The project will involve climate change vulnerability assessment of terrestrial and aquatic life, and communities in SWS to develop adaptation measures.
The Park Manager of SWS, Department of Forest and Park Services, Thinley Wangdi, said that the project will also establish gewog-level Water User Association (WUA) to ensure water security in the two gewogs: Merak and Sakteng.
Further, the authorities will conduct climate change adaptation workshop for local leaders and gewog extension staff to enhance their capacity to respond to future disasters related to climate change, he added.
The project will develop a waste management action plan including distribution of waste bins and construction of garbage pits, and conduct awareness campaigns to address waste-related issues in the park. Garbage pits will be constructed for settlements; they will be installed near campsites and loop trails for visitors as well.
Some of the challenges that the sanctuary is facing right now are scarcity of data on meteorology and lack of awareness among the locals about climate change and its causes.
“This limits the capacity to assess ongoing changes in the climatic regime and to have reliable coping measures,” said Thinley Wangdi adding that in some parts of the sanctuary, the park staff has observed a decrease in water availability and storage in the dry season.
According to the Park Manager, the water source is visited by cattle deteriorating the quality of water due to lack of proper fencing.
“If timely action is not taken, meeting the drinking water supply for villagers in the long run might be a problem,” he said.
Also, the project will support the restoration of traditional water sources in the sanctuary. The communities will carry out slope stabilization to reduce erosion and plant fast growing saplings on upstream areas.
Thinley Wangdi mentioned that increased demand on natural resources like timber and firewood from within and outside the sanctuary jurisdiction is leading to heavy exploitation of timber and fuel wood in some parts of the sanctuary and the issue needs to be addressed quickly.
After the project is completed, pressure on timber is expected to reduce through developing harvesting guidelines like Local Forest Management Plan, which will allow sustainable felling of timber.

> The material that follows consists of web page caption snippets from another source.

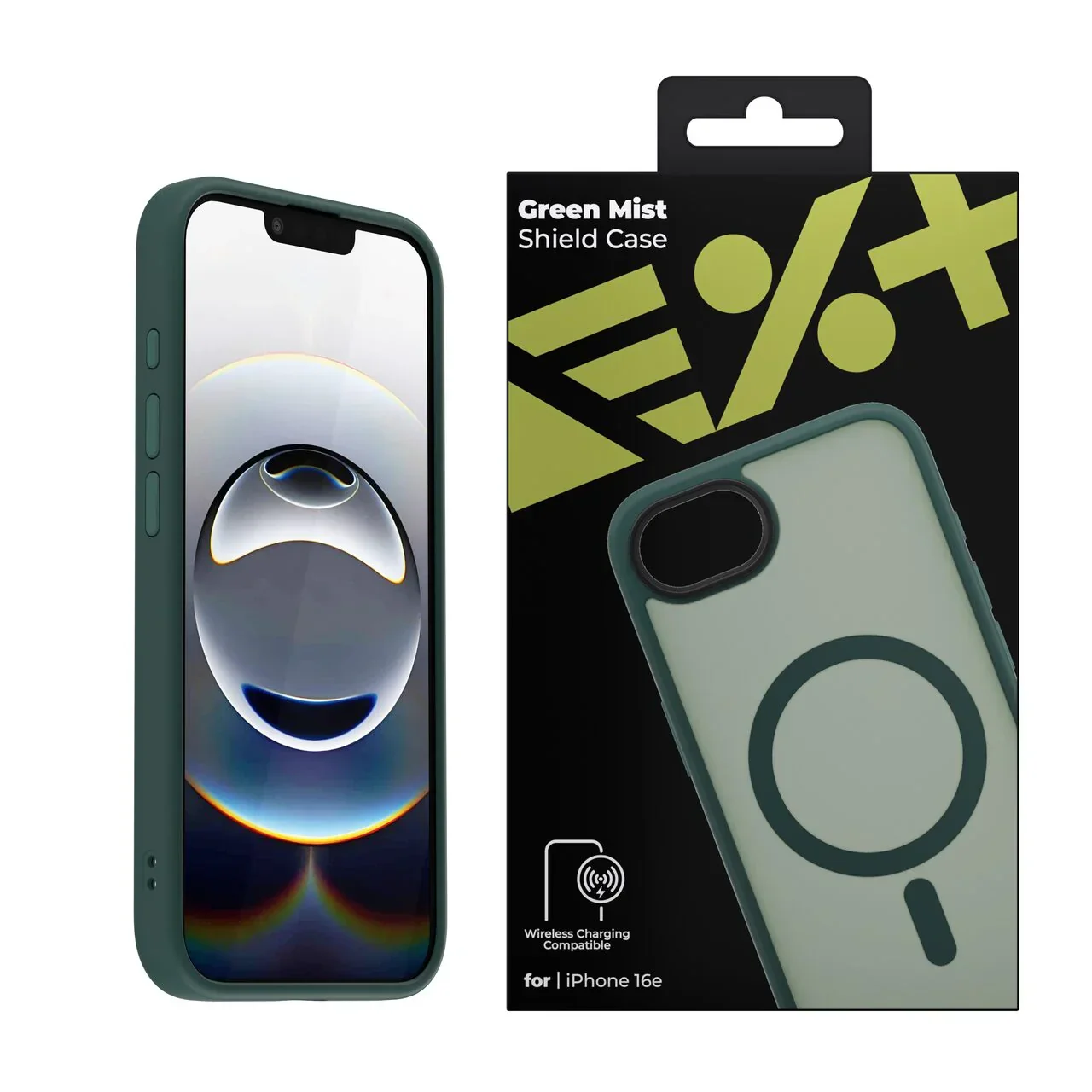 Husa de protectie NOA Mist Shield cu MagSafe pentru iPhone 16e/17e, Verde - Image 9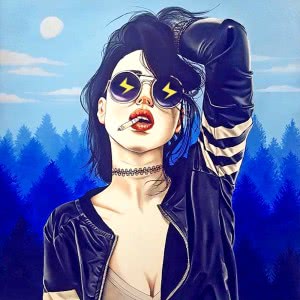 单张性感狂野风格动漫女生头像分享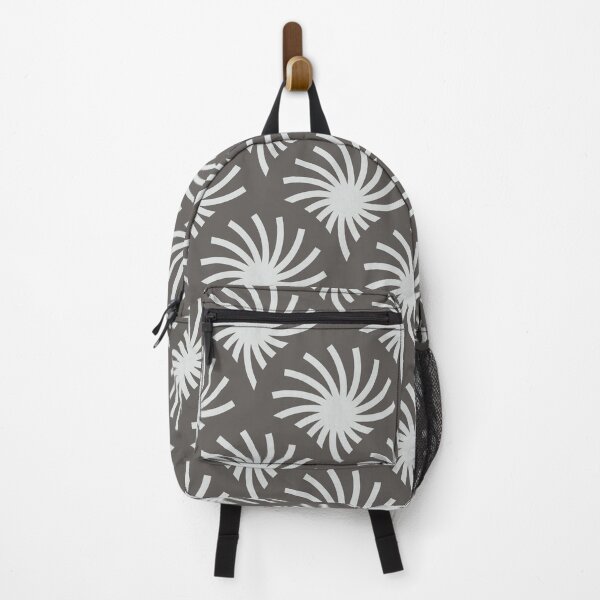 Item preview, Circular Palms Geometric Pattern – Gray designed and sold by RoguePatterns.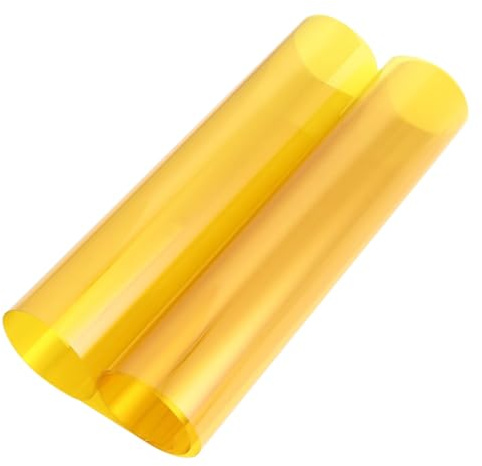 DOITOOL Gélatine Photo Légère en Pet Jaune pour Éclairage de Cinéma, Film Léger de Correction des Couleurs Bordure Lisse Adaptée aux Projecteurs de 66mm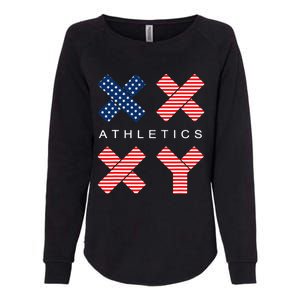 Funny Gender Genetic American Flag Xx Xy Athletics Womens California Wash Sweatshirt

One of the potential threads for the park in the near future as indicated by the Bhutan management effectiveness tracking tool plus (METT+) 2016 is climate change and severe weather.
Tracking tool plus (METT+) 2016 is a new approach to evaluate management effectiveness of protected area in Bhutan. The Bhutan METT+ 2016 is a holistic approach meticulously articulated to measure protected areas’ effectiveness to manage its biotic and abiotic resources.
SWS is located in the easternmost part of the country. It encompasses an area of 739 sq km² of alpine meadow and temperate and warm broadleaf forests. Three major rivers- Manaschhu, Badachhu and Dhansirichhu – have their origin here.
Red panda, Himalayan black bear, Wild dog, Snow leopard, Barking deer, and Himalayan red fox plus avifaunal species like Assamese macaque, Blood pheasant, Grey backed shrike, Grey headed woodpecker, Common hoopoe, Rufous vented tit and Dark breasted rose finch form the primary fauna in the sanctuary. Bhutan’s national flower, the Blue Poppy is also found here as well as Rhododendrons, Primulas, Gentiana and Cordyceps.
SWS is home to the much talked about villages- Merak and Sakteng. The inhabitants of these villages- the Brokpas have a unique way of life. They are basically nomads rearing yaks and herds of cattle for sustenance.